You can order madagascar hissing cockroaches in volume off the internet. 
1000 crickets doesn't cost much.


----------



## AquaNeko (Jul 26, 2009)

AquariAM said:


> Why?
> 
> You can order madagascar hissing cockroaches in volume off the internet.
> 1000 crickets doesn't cost much.


;;;

WHAAA.... URL please. Again... ;;

Flashbacks of some Mac game called 'Bad Mojo' or something like that.


----------



## WiyRay (Jan 11, 2009)

ameekplec. said:


> My parent's crazy neighbor did the same thing - but she went as far as to cut the branches on OUR side of the fence too. But she's pretty apeshat crazy - she pulled out the bushes we planted along the side of the house to put down a wood chip pathway instead for herself.
> 
> If you cut down half my tree, I'll cut down half your car. Plus, trees are nice.

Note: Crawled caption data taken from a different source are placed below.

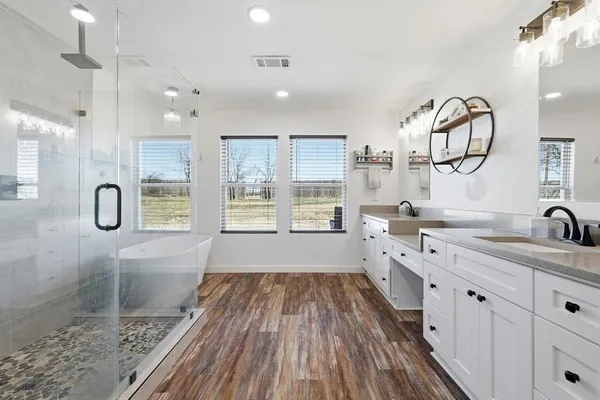 $443,000 | 101 South Haven Place, Waxahachie, TX 75165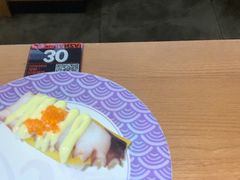 -采御鲜·回转寿司(汕头万达店)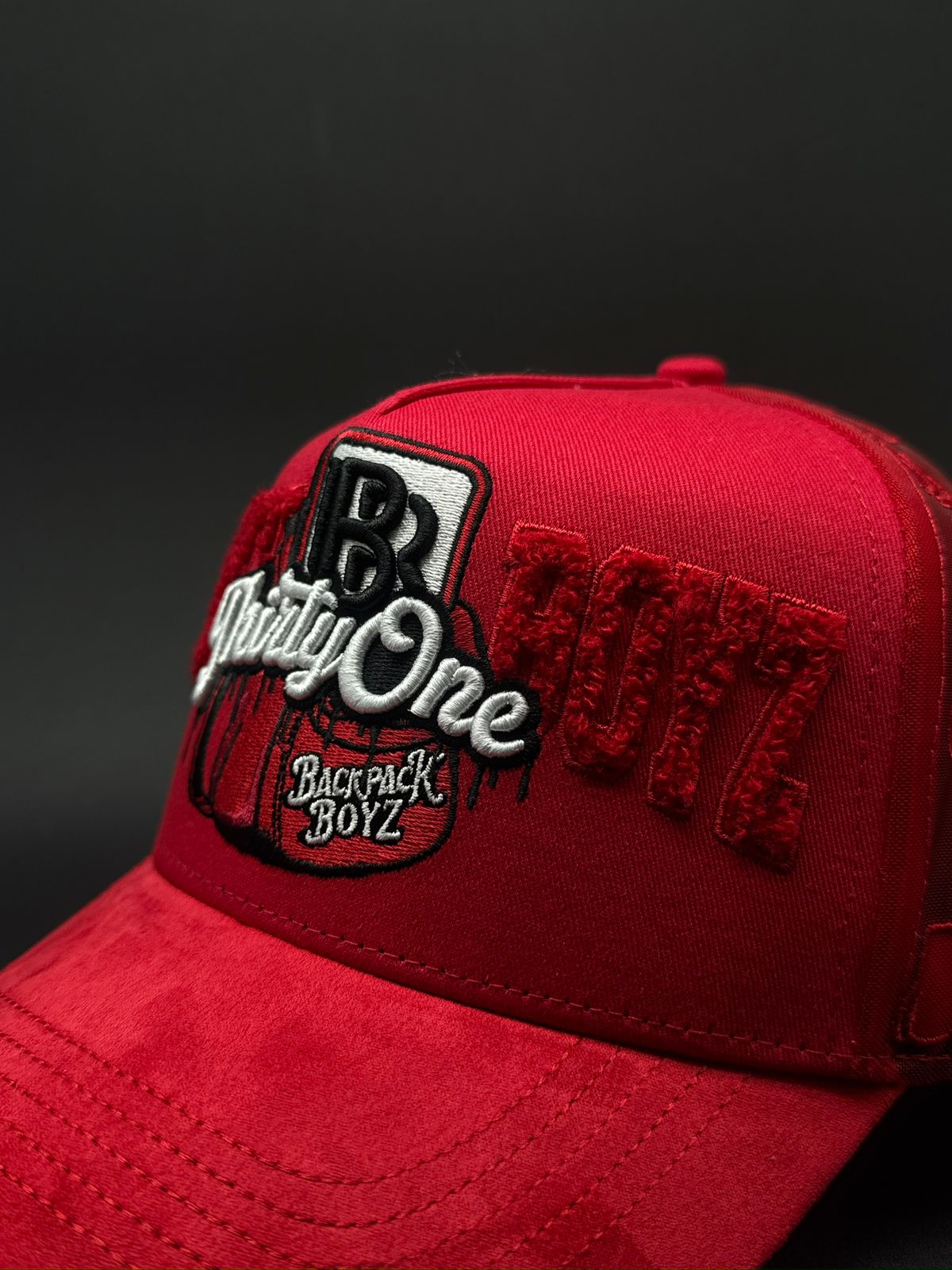 THIRTY ONE HATS LA MOCHILA BACKPACK BOYZ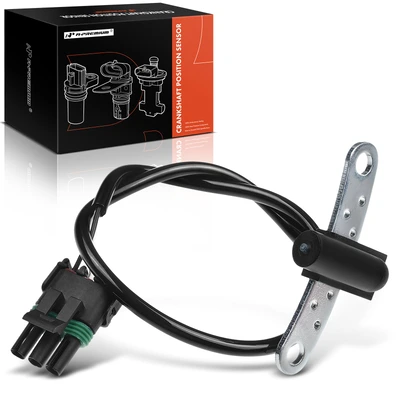 Crankshaft Position Sensor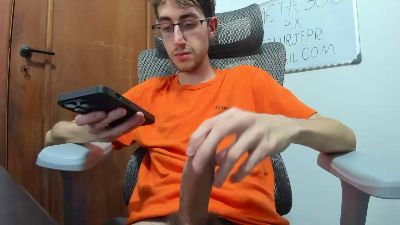 4rthurTV webcam cam4 model stream image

Shoulda set fire to the woodchips and said you liked "ash-falt" better


----------



## Mr Fishies (Sep 21, 2007)

ameekplec. said:


> http://www.toronto.ca/faq/trees.htm#q2


Since you didn't mention them being unreasonable about it when you tried to talk - I'm curious, are you escalating after a failed attempt/negotiation?

If not, the suggestion to work to an agreement sounds like a good idea...worth trying if you have not already. Even if law allowed you to cut the branches, it's not very neighbourly to do stuff like that without at least attempting to talk to the person first. You have to live next door long after the branches are gone.

FWIW, my parent's neighbours asked for a big hack job of the tree in the backyard and have complained every year since about how hot their house gets every afternoon and evening now the branches aren't "blocking the nice sun" and dumping leaves in the fall any more.


----------